Last summer I had the chance to work on a series of video projections for the Festival d’Été de Québec, also known as FEQ. It’s an awesome music festival taking place in my hometown of Québec city. I have seen the festival evolve since I am a child and this project was a great honour for me. The project was a good challenge since 30 different looks had to be created in about a month.

The video loops were projected onto 30 feet tall “FEQ” letters. The structure and all the projections were handled by Projet Blanc.

On trouve parfois des choses inattendues dans nos banques de photos... #feq Crédit: Philippe Ruel 🇫🇷✌💙❤️

A photo posted by Festival d'été de Québec (@festivaleteqc) on

Notre #FEQ géant est en mode country, prêt pour @keithurban! #KeithUrban #country #plaines #quebec

A photo posted by Festival d'été de Québec (@festivaleteqc) on

 

The many processes

A lot of techniques, plugins, strategies and shortcuts were used here. I started out by modelling everything in 3D in Cinema 4D, but quickly realized that even with a good machine I wouldn’t get it done fast enough.

Element 3D was a very nice work around here, and allowed me to create a couple of very nice looking effects pretty quickly.

A couple of them simply used some good looking footage composited together. Special thanks to Mitch Martinez for his awesome stock.

Many other were combinations of various techniques. Various 3D or 2D animations masked with the letters matte. Some animations took about an hour or two to create. Some took more than two days.

Stay organized and make a plan before you open After Effects

I have learned many things along the way from this project. This was easily my biggest and most stressful project I have had since I went freelance. If I’d have to point out the main thing I have learned from this project it would be to keep in mind that the bigger the project, the more precise the plan should be.
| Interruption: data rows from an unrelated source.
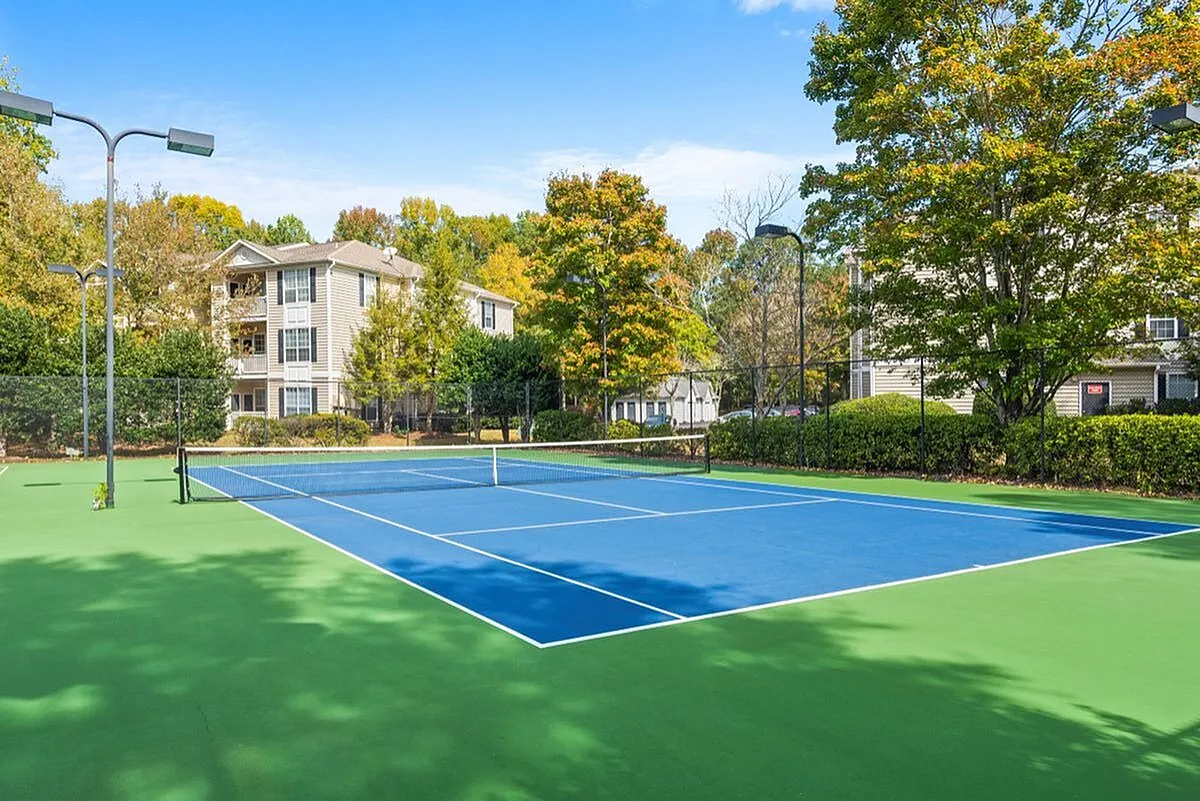 Inviting tennis court surrounded by lush greenery and modern apartment buildings, perfect for active living at Lake St James Apartments in Conyers GA.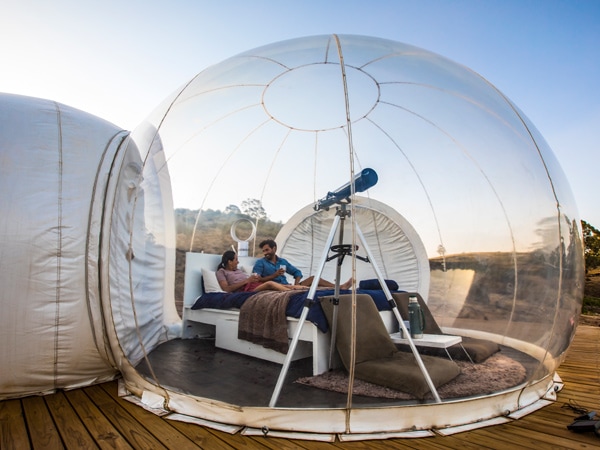 a couple relaxing in their Bubbletent Australia accommodation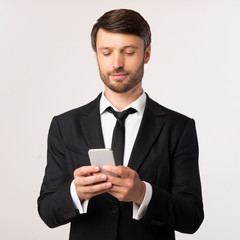 Confident Businessman Using Cellphone Texting Over White Background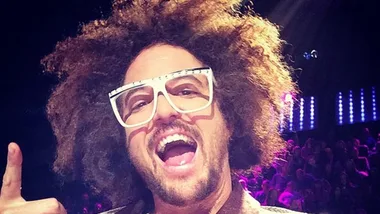 A person with curly hair and white glasses smiles widely, pointing upwards in a vibrant, lit-up setting.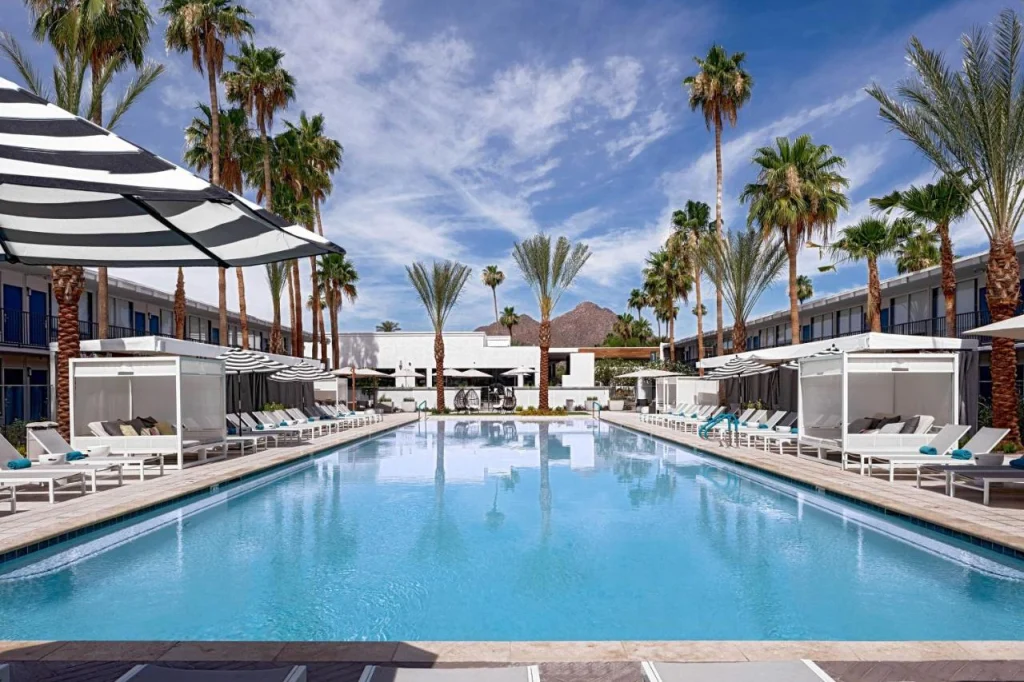 Rechthoekig zwembad omringd door palmbomen en gestreepte parasols met een piekvormige bergtop op de achtergrond in Scottsdale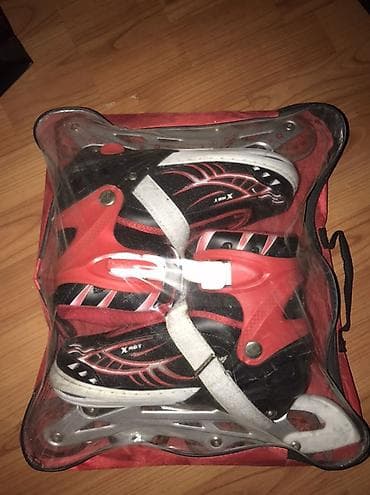 İdman üçün tənzimlənən inlayn konkis. - Rəng: qırmızı-qara, dekorativ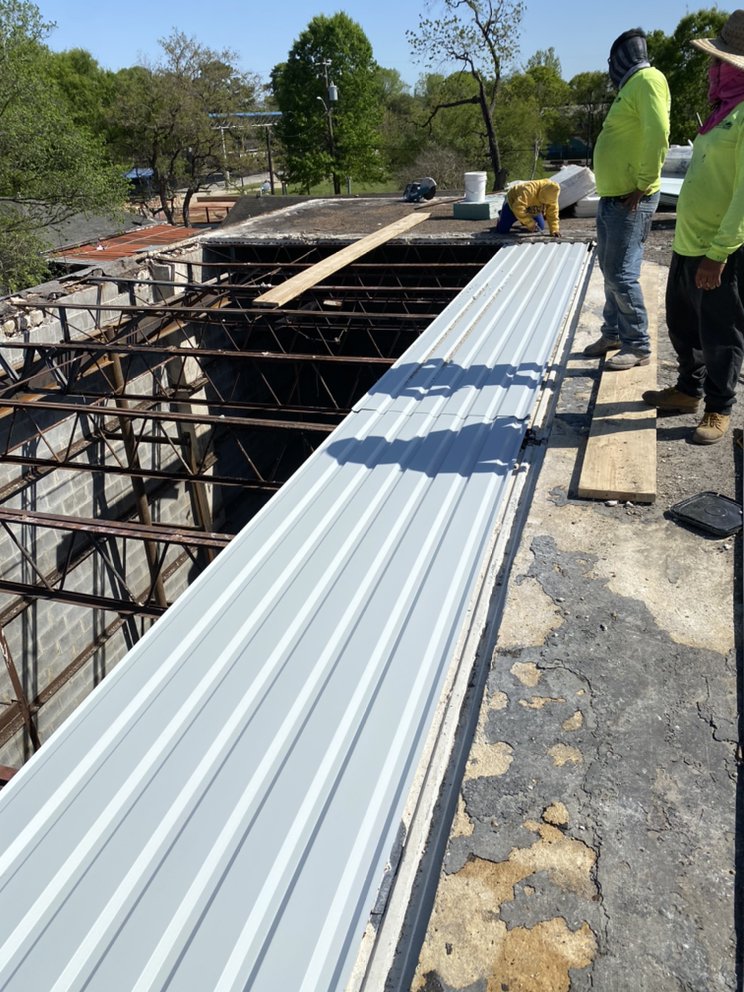 Slide of PNP ROOFING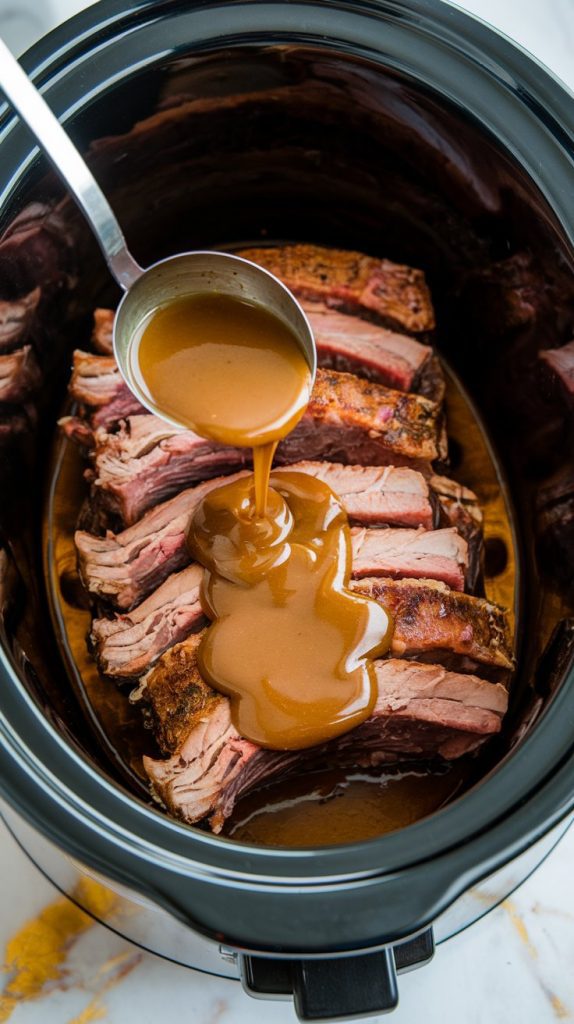 Short ribs layered in a crockpot with honey garlic sauce being poured over them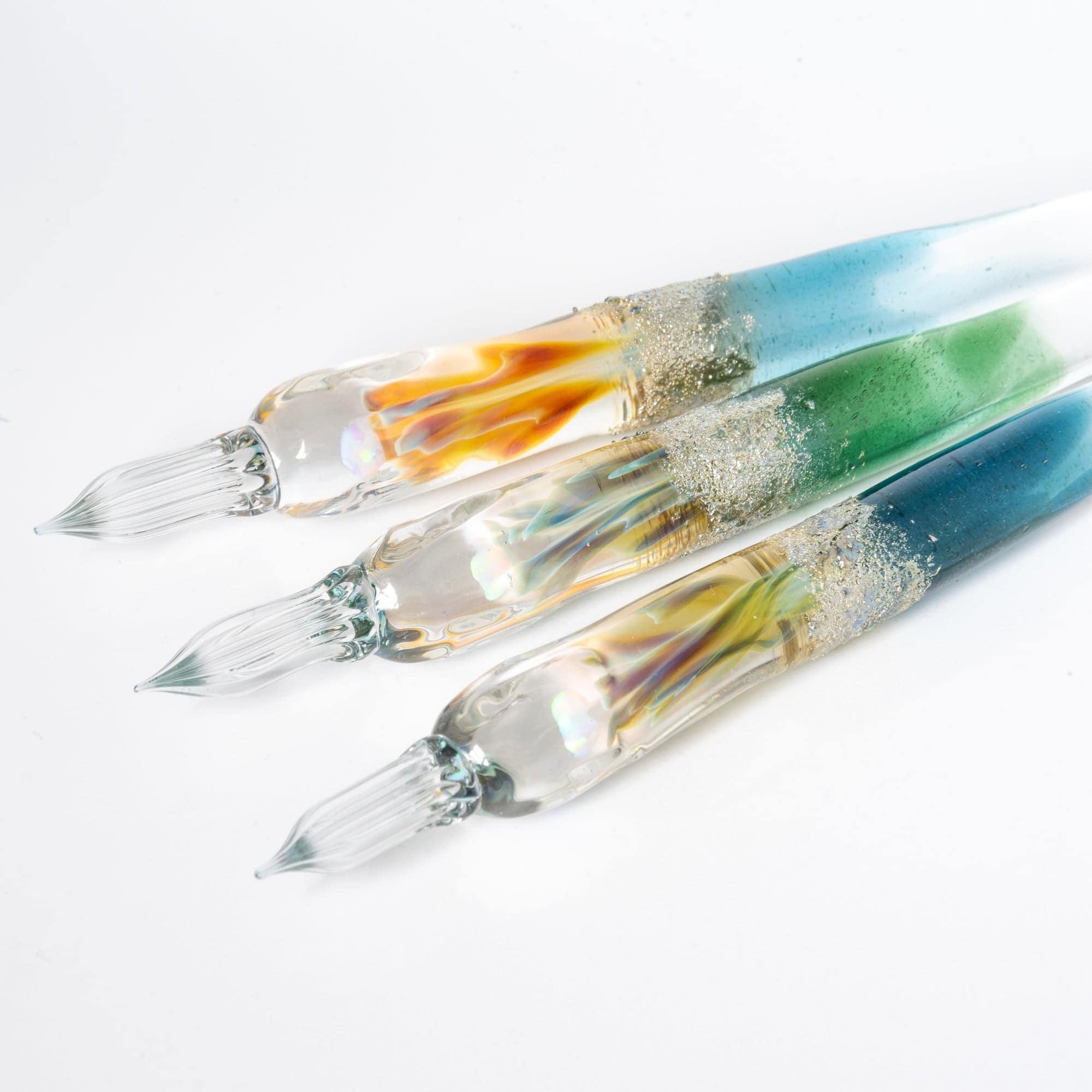 Overhead perspective of Tsukuyomi green glass dip pen showing nib alignment and green glass barrel texture shine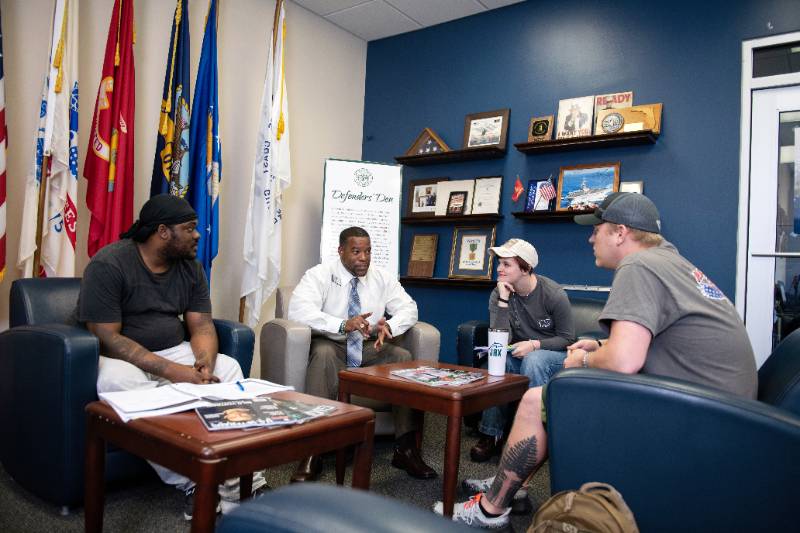 Veteran students talking with each other in the lobby of the Defenders Den on campus.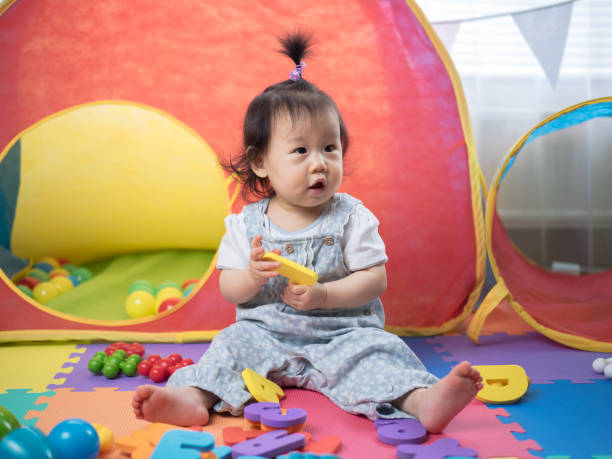 istock baby girl playing alphabet blocks 653754692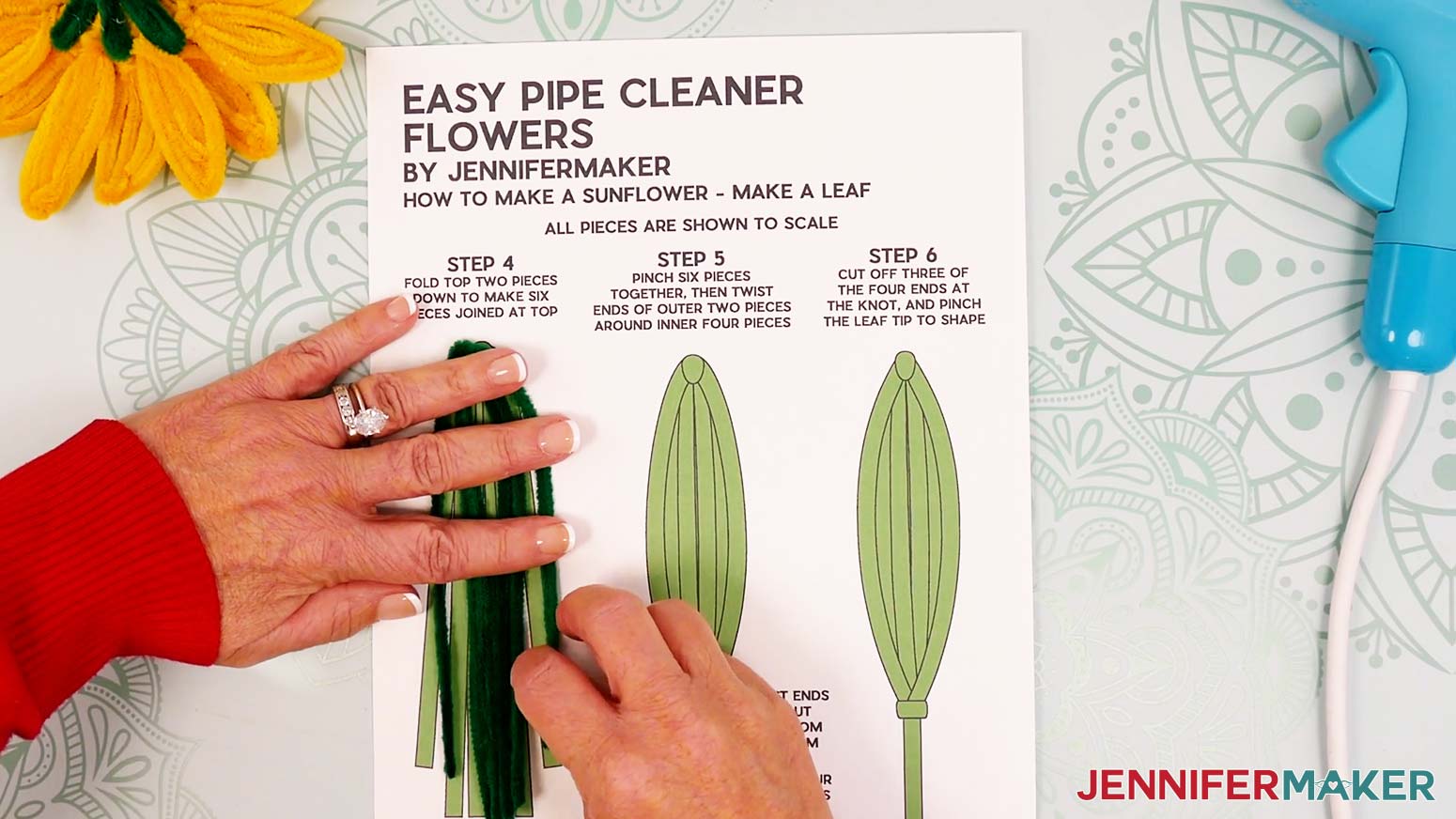 Hold the bottom double pipe cleaner leaf sections still, and fold the upper legs down on either side.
Especially on a project in which you have total freedom. The plan is not just to comfort your client but also to help yourself focus on the right thing and not think twice about where you are and where you are heading.

It doesn’t have to be a fancy gantt chart or detailed scene definitions. The client and I got it started by creating a google document in which we brainstormed ideas. I then created a text file to keep track of what was done and what was remaining. This isn’t meant to be a project management tutorial, but more of a reminder of the importance of having a plan. When working alone it is often tempting to just create as you go. To open the software and just start making. That will not work. Just the same as making a movie without a script will not work. It’s unrealistic and the result will suffer or cost you way more time and money than it should have.

You should not expect the software to be an extension to your creativity. The software is your camera, your microphone, your hammer. The creation and the execution and two distinct parts. Your plan, brainstorm, script, sketches, etc. is the creative part. The software becomes helpful at the execution part.